Jakarta – Penasihat Khusus Presiden bidang Ketenagakerjaan dan Kesejahteraan Buruh, Said Iqbal berdiskusi dengan Wakil Menteri Ketenagakerjaan Afriansyah Noor di Kementerian Ketenagakerjaan (Kemnaker), Jakarta, Kamis (11/6/2026).
Pada pertemuan itu, Said Iqbal yang juga Presiden Konfederasi Serikat Pekerja Indonesia (KSPI), mengusulkan Permenaker Nomor 7 tentang Pekerja Alih Daya atau outsourcing agar direvisi. Ia meminta agar penerapan outsourcing dibatasi hanya pada pekerjaan tertentu.
Menurutnya, hal itu sejalan dengan pernyataan Presiden Prabowo Subianto yang beberapa kali menyampaikan keinginan agar sistem outsourcing dihapus. Meskipun demikian, ada beberapa jenis pekerjaan yang dapat mengancam dan bisa menggunakan pekerja alih daya.
“Presiden berulang-ulang menyampaikan kalau bisa, pekerja alih daya itu dihapus, itu sikap presiden. Dalam pidato-pidatonya ya, bukan sikap, tapi, bilamana tidak bisa dihapus maka ada beberapa jenis pekerjaan yang mendukung itu kejahatan, boleh menggunakan pekerja alih daya,” ujar Said Iqbal.

Said Iqbal berpendapat pekerjaan yang masih diperbolehkan menggunakan pekerja outsourcing antara lain petugas keamanan atau security, sopir, penyediaan makanan atau katering, serta petugas kebersihan atau cleaning service
“Beberapa jenis pekerjaan pendukung yang boleh digunakan untuk pekerja alih daya antara lain, pekerjaan pendukung untuk keamanan atau keamanan. Pekerjaan pendukung untuk sopir atau sopir. Pekerjaan pendukung untuk katering, itu berarti menyediakan makanan di perusahaan.
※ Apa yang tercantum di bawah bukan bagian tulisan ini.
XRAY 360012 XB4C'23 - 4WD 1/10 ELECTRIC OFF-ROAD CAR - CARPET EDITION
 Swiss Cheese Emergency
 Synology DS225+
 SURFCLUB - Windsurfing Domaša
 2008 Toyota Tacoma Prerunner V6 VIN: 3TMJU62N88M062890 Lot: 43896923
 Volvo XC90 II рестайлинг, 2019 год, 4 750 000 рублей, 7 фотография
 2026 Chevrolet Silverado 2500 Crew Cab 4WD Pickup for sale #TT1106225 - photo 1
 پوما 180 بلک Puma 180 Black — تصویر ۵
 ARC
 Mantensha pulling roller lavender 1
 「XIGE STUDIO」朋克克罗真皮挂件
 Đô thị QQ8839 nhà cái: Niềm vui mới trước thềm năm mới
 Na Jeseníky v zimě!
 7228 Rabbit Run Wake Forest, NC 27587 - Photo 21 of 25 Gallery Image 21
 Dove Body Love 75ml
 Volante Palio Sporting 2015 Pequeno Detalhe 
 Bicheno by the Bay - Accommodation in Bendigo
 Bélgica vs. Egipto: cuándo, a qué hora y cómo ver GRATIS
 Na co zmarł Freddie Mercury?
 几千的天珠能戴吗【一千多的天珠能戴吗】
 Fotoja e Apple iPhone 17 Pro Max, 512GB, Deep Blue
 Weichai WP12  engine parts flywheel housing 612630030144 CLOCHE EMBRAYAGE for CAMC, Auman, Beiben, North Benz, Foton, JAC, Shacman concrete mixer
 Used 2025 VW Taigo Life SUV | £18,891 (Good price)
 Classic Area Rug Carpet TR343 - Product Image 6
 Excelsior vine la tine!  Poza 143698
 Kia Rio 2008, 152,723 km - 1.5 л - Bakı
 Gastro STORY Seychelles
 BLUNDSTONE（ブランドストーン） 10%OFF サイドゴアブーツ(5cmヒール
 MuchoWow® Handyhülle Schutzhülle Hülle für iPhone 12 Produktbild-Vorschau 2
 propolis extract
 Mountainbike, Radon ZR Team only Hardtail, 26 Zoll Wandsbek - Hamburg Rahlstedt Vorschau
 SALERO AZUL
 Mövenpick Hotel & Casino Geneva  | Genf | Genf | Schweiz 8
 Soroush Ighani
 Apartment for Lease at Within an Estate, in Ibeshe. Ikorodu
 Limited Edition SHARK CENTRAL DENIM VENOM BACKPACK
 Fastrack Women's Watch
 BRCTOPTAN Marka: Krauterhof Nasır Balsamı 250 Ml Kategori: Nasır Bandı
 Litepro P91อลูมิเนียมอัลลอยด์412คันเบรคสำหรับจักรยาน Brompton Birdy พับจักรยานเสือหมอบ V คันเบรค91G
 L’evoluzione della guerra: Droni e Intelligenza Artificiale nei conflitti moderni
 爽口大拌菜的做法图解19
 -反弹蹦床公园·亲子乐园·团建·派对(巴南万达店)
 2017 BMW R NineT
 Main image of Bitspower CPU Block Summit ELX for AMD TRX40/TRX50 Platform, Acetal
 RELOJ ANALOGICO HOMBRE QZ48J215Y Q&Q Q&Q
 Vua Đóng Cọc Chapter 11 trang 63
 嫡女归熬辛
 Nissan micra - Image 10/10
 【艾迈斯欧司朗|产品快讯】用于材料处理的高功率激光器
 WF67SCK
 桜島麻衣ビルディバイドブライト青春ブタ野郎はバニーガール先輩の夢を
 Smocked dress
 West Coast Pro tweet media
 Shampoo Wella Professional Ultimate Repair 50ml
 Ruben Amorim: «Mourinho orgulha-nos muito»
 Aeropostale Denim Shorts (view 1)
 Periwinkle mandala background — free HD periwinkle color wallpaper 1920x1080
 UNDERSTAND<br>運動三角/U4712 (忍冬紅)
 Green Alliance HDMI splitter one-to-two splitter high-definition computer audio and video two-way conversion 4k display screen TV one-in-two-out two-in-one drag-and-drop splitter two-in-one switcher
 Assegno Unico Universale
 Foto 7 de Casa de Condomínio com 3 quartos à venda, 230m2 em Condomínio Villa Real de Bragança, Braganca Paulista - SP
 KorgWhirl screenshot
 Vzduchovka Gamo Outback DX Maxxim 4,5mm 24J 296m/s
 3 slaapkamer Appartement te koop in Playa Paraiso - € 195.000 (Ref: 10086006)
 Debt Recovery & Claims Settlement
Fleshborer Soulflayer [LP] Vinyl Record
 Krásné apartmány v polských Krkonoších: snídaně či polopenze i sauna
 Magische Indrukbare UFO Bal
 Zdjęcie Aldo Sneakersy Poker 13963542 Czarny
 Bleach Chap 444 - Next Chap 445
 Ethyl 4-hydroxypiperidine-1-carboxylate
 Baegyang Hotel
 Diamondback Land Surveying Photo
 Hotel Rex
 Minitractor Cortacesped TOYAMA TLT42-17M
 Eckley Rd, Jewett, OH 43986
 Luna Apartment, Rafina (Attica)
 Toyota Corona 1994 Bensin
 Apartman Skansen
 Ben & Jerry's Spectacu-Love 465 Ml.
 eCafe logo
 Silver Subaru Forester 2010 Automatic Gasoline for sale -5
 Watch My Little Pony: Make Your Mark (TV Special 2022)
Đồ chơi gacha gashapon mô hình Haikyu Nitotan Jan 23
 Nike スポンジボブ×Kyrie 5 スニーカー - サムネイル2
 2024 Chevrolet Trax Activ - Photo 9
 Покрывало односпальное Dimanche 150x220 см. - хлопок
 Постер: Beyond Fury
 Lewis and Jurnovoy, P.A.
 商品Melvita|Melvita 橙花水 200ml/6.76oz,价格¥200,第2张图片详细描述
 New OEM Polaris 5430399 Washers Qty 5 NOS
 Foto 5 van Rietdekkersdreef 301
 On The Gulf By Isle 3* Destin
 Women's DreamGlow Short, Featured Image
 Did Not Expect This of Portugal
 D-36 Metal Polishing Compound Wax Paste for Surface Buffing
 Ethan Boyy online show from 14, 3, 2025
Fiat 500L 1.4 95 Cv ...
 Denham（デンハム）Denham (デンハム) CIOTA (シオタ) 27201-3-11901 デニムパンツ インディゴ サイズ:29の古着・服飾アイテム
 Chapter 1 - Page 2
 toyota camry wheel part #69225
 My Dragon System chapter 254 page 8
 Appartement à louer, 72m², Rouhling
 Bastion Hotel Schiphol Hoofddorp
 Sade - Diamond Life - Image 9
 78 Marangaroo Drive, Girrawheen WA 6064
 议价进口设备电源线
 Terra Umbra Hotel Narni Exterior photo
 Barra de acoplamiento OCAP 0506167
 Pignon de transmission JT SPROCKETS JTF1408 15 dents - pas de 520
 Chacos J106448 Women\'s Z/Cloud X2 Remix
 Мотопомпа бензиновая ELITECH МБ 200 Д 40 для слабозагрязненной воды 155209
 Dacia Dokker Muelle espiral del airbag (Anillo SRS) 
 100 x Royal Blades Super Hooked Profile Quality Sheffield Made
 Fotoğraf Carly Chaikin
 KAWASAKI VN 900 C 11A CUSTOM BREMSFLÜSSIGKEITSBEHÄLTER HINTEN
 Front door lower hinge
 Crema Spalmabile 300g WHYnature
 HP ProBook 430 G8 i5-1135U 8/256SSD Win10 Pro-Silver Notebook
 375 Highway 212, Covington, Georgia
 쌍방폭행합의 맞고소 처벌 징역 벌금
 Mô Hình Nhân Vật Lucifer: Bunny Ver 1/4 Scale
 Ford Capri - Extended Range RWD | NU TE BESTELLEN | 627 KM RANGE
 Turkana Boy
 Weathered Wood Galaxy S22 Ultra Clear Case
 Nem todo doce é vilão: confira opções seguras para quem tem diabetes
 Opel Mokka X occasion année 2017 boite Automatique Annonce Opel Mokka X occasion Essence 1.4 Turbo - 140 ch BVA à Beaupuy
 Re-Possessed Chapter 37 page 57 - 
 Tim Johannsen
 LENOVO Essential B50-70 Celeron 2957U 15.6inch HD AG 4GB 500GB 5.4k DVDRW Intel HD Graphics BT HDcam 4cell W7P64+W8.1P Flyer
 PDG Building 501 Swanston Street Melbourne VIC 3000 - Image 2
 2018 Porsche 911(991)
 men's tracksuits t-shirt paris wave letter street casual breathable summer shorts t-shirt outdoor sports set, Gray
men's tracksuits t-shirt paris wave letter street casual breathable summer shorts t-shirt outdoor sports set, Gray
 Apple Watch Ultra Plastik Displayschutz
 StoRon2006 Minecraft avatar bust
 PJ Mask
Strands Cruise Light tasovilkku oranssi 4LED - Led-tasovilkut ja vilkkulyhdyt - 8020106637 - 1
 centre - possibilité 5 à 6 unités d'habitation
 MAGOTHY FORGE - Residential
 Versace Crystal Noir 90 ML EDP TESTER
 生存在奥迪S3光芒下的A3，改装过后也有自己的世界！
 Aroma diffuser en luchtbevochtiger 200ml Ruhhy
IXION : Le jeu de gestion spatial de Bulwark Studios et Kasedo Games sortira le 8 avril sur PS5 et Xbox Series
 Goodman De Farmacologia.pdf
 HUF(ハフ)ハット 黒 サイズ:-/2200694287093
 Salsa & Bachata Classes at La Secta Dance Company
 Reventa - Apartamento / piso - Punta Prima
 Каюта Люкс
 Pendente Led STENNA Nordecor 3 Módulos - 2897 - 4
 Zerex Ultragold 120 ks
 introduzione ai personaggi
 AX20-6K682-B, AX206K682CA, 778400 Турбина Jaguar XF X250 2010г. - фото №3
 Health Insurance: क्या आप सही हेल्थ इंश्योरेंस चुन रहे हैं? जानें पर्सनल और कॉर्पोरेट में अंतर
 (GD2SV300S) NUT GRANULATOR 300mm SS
Kemudian pekerjaan pendukung untuk cleaning service, kebersihan, mungkin itu bisa digunakan pekerja alih daya,” bebernya.
Said Iqbal juga mengusulkan agar status hubungan kerja pekerja outsourcing diperjelas. Menurutnya, pekerja alih daya harus memiliki hubungan kerja yang jelas dengan perusahaan penyedia jasa tenaga kerja, baik sebagai pekerja kontrak (PKWT) maupun pekerja tetap (PKWTT).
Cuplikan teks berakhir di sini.